1. Le sas de décompression. Un peu comme on sacrifie un oeuf dans une préparation, une courte pièce est presque toujours sacrifiée en début de concert : c'est l'occasion d'enlever son manteau, de chercher où ranger son programme et de sortir une paire de jumelles attachées à une chaîne sonnante et trébuchante et que je te fusille mamie des yeux. Pour rendre justice à une pièce de courte durée, il faudrait la placer après une oeuvre plus longue, pendant laquelle oreilles et fessiers auraient eu le temps de s'accoutumer à la position concertante. Las, La Pavane pour une infante défunte remplit son rôle de douche rapide pour se décrasser de la journée avant d'accéder au grand bain délassant.

2. Le duvet divin.
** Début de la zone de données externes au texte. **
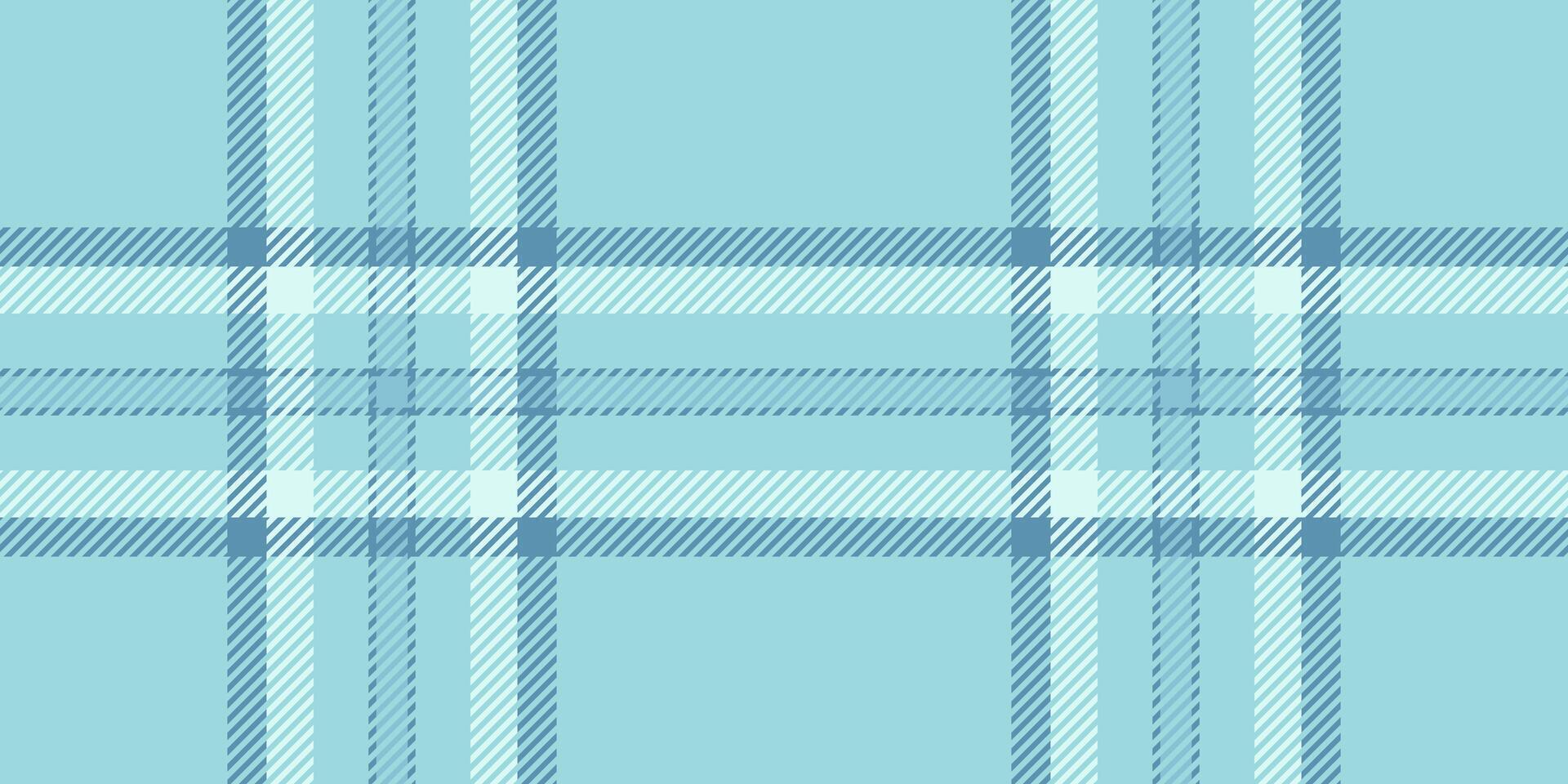 Serene aqua blue and white plaid pattern. Perfect for textile design, website backgrounds, or crafting projects. This calming, minimalist texture evokes feelings of peace and tranquility. vector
Décrassé, délassé, bien au chaud, il est temps de se rouler dans cette formidable couette qu'est la voix de Matthias Goerne. Ayant déjà entendu les Kindertotenlieder en juin dernier, je ne cherche plus à suivre le texte dans le détail. Paix à l'âme de ces enfants morts ; la mienne se roule en chien de fusil, reconnaissante de se trouver à l'abri du malheur. 

3. La tempête titanesque. Le bruit m'empêche de dormir. Sauf lorsque les éléments sont déchaînés au point de masquer tous les petits sifflements, coups et craquements domestiques - toux, reniflements et gratouillis théâtreux. La première symphonie de Mahler se déchaîne et, bien au chaud, suave mari magno, je me renfonce en moi-même ; la plus familière des mains étrangères se pose sur mon genou et fait taire toute velléité de revoir le sens de ma professionnelle. Je relève la tête de l'épaule osseuse sur laquelle je l'avais lovée lorsque percussion et contrebasse inaugurent le magnifique troisième mouvement. Frère Jacques me réveille ; comme dirait mon père : je suis un contraire. J'applaudis pour m'excuser de mon manque d'attention et transporte mon cocon de chaleur jusqu'à mon lit - enfin celui de Palpatine. Thank God, it's Friday.